良縁に恵まれたとき、相談所にやって来た当時のキモヲタだの勘違い野郎ぶりは鳴りを潜め、好印象の壮年や青年へと変わっていた、という話である。人格をごっそり入れ替えるといったところか。
それにしても「今までの自分をすべて捨てなさい」と言っているに等しい結婚相談所からの提案をどう思うのか。ヒラタさんにその胸の内を聞いた。
「とにかく結婚したい。同年代は、皆、何らかの形で社会に爪痕を残している。でも私は何も残していない。
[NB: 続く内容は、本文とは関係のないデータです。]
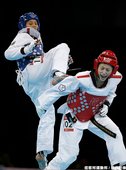 楊淑君以 10-3 擊退德國對手，順利闖過首關！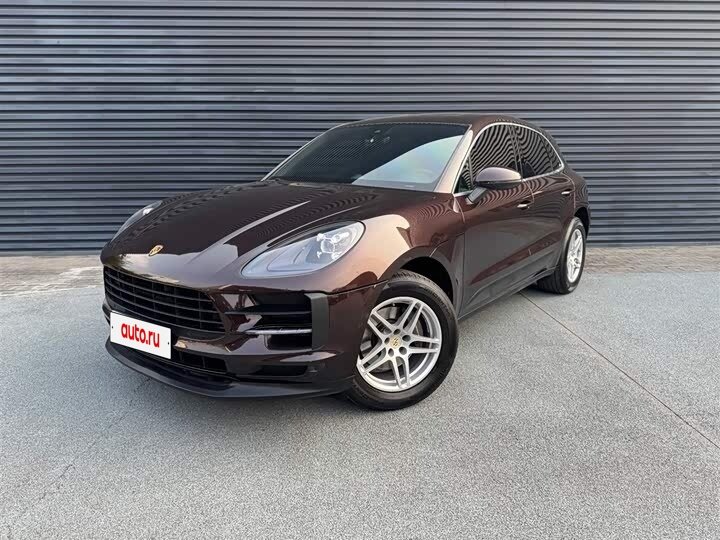 Porsche Macan I Рестайлинг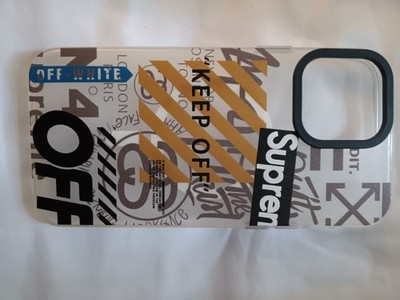 off-white supreme iphone 13 pro max case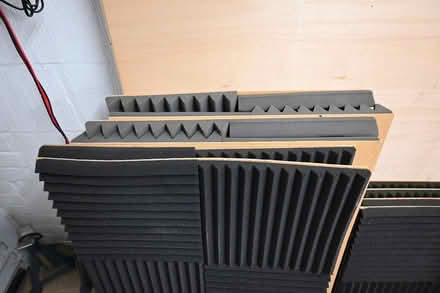 Photo of free Acoustic Foam Panels (Wistow) #3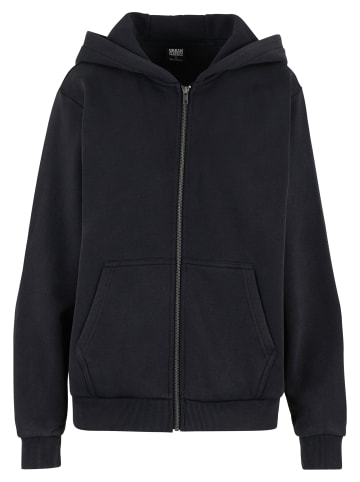 Urban Classics Urban Classics Zip-Kapuzenpullover in black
婚活は、これまでの人生で大学受験以来、自分で動いたことです。結婚できるならなんだってやります。学生時代の友人たちが羨ましがるような若くて美人の女性と結婚することでみずからの人生に金字塔を打ち立てたい」
変えるべきはファッションでも趣味でもなく、みずからの意識である――これにヒラタさんが気づいて納得したときにはじめて良縁に恵まれるといったところか。
そもそも結婚とは目的ではなく結果である。こうしたことを他人に教えてもらわなければならない大人がいるという事実に空恐ろしくなる。